Delta Sharing is the latest of a number of popular open-source projects Databricks has created that span data processing, data engineering, data science and machine learning. Those include the Spark data processing engine created by Databricks’ founders, Delta Lake, ML Flow and Koalas – all, like Delta Sharing, donated to the Linux Foundation.
Databricks, which held its Data + AI Summit last week, also debuted the latest generation of its machine learning software, Databricks Machine Learning, built on the Databricks Lakehouse Platform. The software, according to the company, provides engineers with everything they need to build, train, deploy, manage and maintain ML models.
The ML software includes Databricks AutoML to automate the manual data science steps within the machine learning process. The Databricks Feature Store improves the discoverability, reuse and governance of ML model features within an enterprise’s data engineering platform.
Minnick called the new tool “real-world ML. Having that ML platform built on top of the data platform is really powerful. This is for people who need to get [machine learning] models into production.”
Databricks also debuted Delta Live Tables and Unity Catalog, new features within the company’s lakehouse platform that the company said enhance the platform’s data management capabilities.

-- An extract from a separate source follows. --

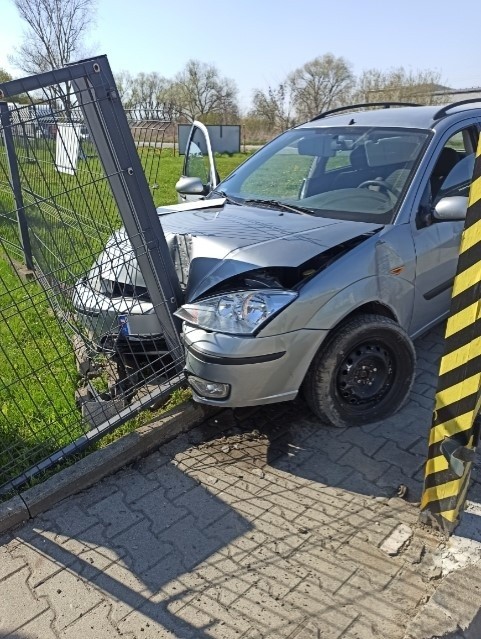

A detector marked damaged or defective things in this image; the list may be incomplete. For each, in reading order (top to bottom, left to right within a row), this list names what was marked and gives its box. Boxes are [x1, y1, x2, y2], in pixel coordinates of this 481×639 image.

About 80 percent of Databricks customers are running the company’s software across multiple cloud systems, Minnick said. Unity Catalog’s unified data catalog technology, underpinned by the new Delta Sharing standard, makes it easier to discover and govern an organisation’s data assets in data lakes spread across multiple clouds.
Delta Live Tables simplifies the development and management of reliable data pipelines on Delta Lake. Big data workloads often require huge data ELT (extract, load and transform) pipelines that are difficult to build and maintain, Minnick said. Live Tables “is removing a massive amount of the heavy lifting data engineers need to do to keep data pipelines flowing,” he said.